Perturbadora fábula em que não se pode ver quem está ao lado  

Os verbos "desver", "desouvir" e "dessentir" são usados com frequência nessa obra do escritor e ativista político britânico China Tom Miéville. E querem dizer exatamente o que sugere sua leitura: você vê, mas não pode enxergar o que está vendo, escuta sem ouvir, sente, mas não apreende. Alguma familiaridade com relação ao motorista que "desvê" o pedinte tanto à janela de seu carro parado no semáforo?

Para não correr o risco de estragar a experiência da leitura de "A cidade e a cidade", isso é mais do que o bastante para falar da experiência de viver em Beszel ou Ul Qoma. As duas cidades que justificam o título do livro ocupam o mesmo espaço geográfico, mas são separadas por idiomas, culturas e administrações diferentes. Ver algo ou alguém da outra cidade é um grave delito.

O assassinato de uma jovem estudante envolve o inspetor Tyador Borlú, do Esquadrão de Crimes Hediondos de Beszel. É o começo de uma trama policial com traços de distopia, no cenário desconcertante das cidades vigiadas pela misteriosa e onipresente Brecha, capaz de interferir ao mínimo deslize dos cidadãos. 

Adendo da editora Boitempo lembra que "A cidade e a cidade" foi publicado no Brasil em 2014, ano em que se celebrou o aniversário de 25 anos da queda do Muro de Berlim. E também fazia 20 anos que os EUA começaram a construir seu muro na fronteira do México e 12 que Israel fazia o mesmo na Cisjordânia, entre outras obras de separação física em curso no mundo.

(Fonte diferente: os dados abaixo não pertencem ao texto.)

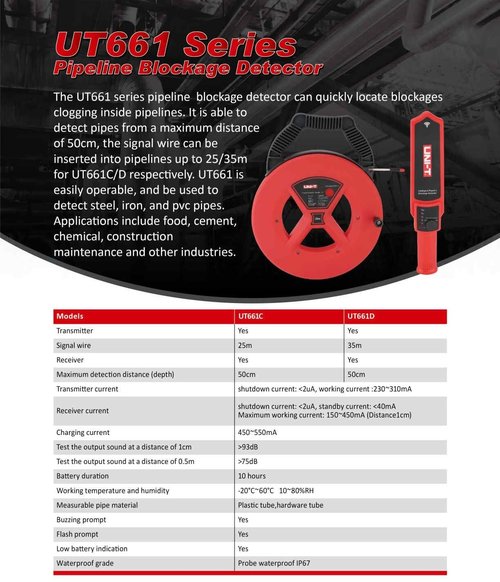 UNI-T Uni-Trend Iron Pipe Blockage DetectorUT661C UT661D Plumbers Pipeline Clogging Locating Instrument Pinpointer Waterproof Iron Pipe Blockage Detector(UT661D)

Assim como as duas cidades imbricadas, a leitura desse livro oferece várias interpretações. Chamar de ficção científica ou distopia urbana é pouco, até porque a tecnologia retratada na obra é quase toda contemporânea. Miéville tem sido enquadrado na categoria de um autor de weird fiction, ou ficção estranha. Mas, querendo, basta pensar um pouco e olhar em volta para enxergar muitos paralelos na cidade onde você mesmo vive.

"A cidade e a cidade" foi lançado originalmente em 2009. Para chegar ao Brasil, passou pela tradução desafiadora e competente de Fábio Fernandes.